Oh! here are a sample from the scout bike squad, and the chapter master.


----------



## Crimzzen (Jul 9, 2008)

looks fricken amazing to me, +rep


----------



## Bogg (Mar 2, 2008)

and my dreadnaught =)


----------



## MaidenManiac (Oct 2, 2008)

The Thunderfire Cannon turned out really well, clever use of random bits 
Im even more glad to see black-skinned Salamanders though, it looks awsome:biggrin:

Have rep!


----------



## Bogg (Mar 2, 2008)

My first go at at banner, sure ive painted moons and numbers.. but nothing like this lol


.... Can you spot the name inside the flames =).. that took some hours to get right... and even then I mispelled his name =)


----------



## Graf Spee (Apr 29, 2009)

it reads "VULKAN" :grin:

very nice models. even though your skincolour looks a bit zombielike..


----------



## TheKingElessar (Mar 31, 2009)

Awesome stuff man, especially the banner, +Rep!!


----------



## Inquisitor Varrius (Jul 3, 2008)

Huzzah for salamanders. Very well done, congrats and +rep!
Ninja'd!

Edit: The biker running a guy over is the best! Way to go!


----------



## Damned Fist (Nov 2, 2007)

Good looking group. I'll pick the dread as my fav.:victory:


----------



## Masito (Jul 17, 2009)

very nice minis you have there! that banner is fricking awesome, especially the name (although misspelled as you pointed out yourself) looks amazing!

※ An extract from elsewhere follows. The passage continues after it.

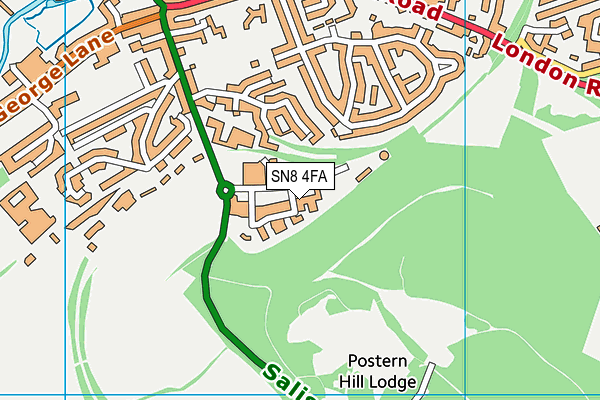 SN8 4FA map - OS VectorMap District (Ordnance Survey)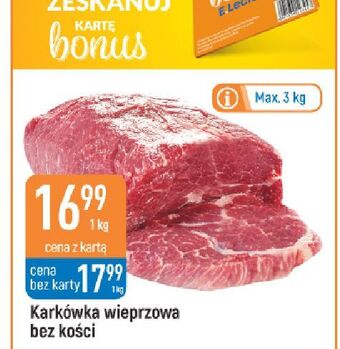 E.Leclerc Karkówka wieprzowa bez kości oferta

The dread is nice as well, his name is "Tito"? 

have some well deserved rep mate


----------



## Bogg (Mar 2, 2008)

hehe, ye his name is Tito =), and cheers for all the positive feedbacks. Gives me a warm fuzzy feeling inside =)

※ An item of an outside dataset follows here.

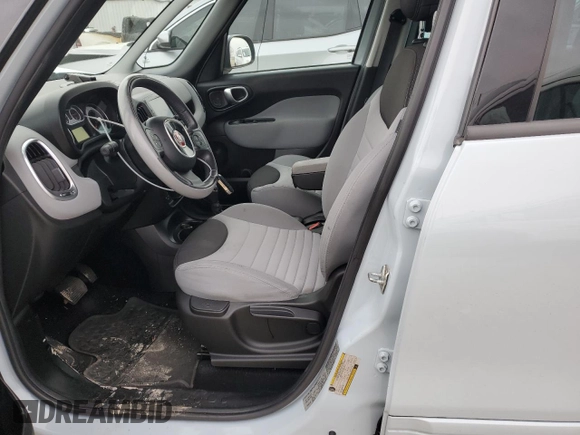 2014 FIAT 500L Easy with VIN ZFBCFABH8EZ020250, listed as a Copart auction lot 81355154 with 173,712 mi miles and Salvage Title. Bid and sale history available at carsss.com. Image 7.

My chapter master name is Tim =)


here is a collectinon of photos, rushed last night.. I spent about 3 weeks doing this army lol.. ... 
http://s281.photobucket.com/albums/kk226/Bogg_photos/


----------



## jaq draco's (Aug 15, 2009)

+1 rep for free thunderer cannon:good: that was a good build....and nice army


----------



## Khorne's Fist (Jul 18, 2008)

The scout biker, the dread, the banner, thunderfire cannon, all damn fine work. +rep.


----------



## shaantitus (Aug 3, 2009)

Love the bike.

'Look mum, I'm roadkill'
rep


----------



## HorusReborn (Nov 19, 2008)

Fantastic looking models man! I'm loving salamanders more and more now! Thanks, now I have to build some Marines LOL


----------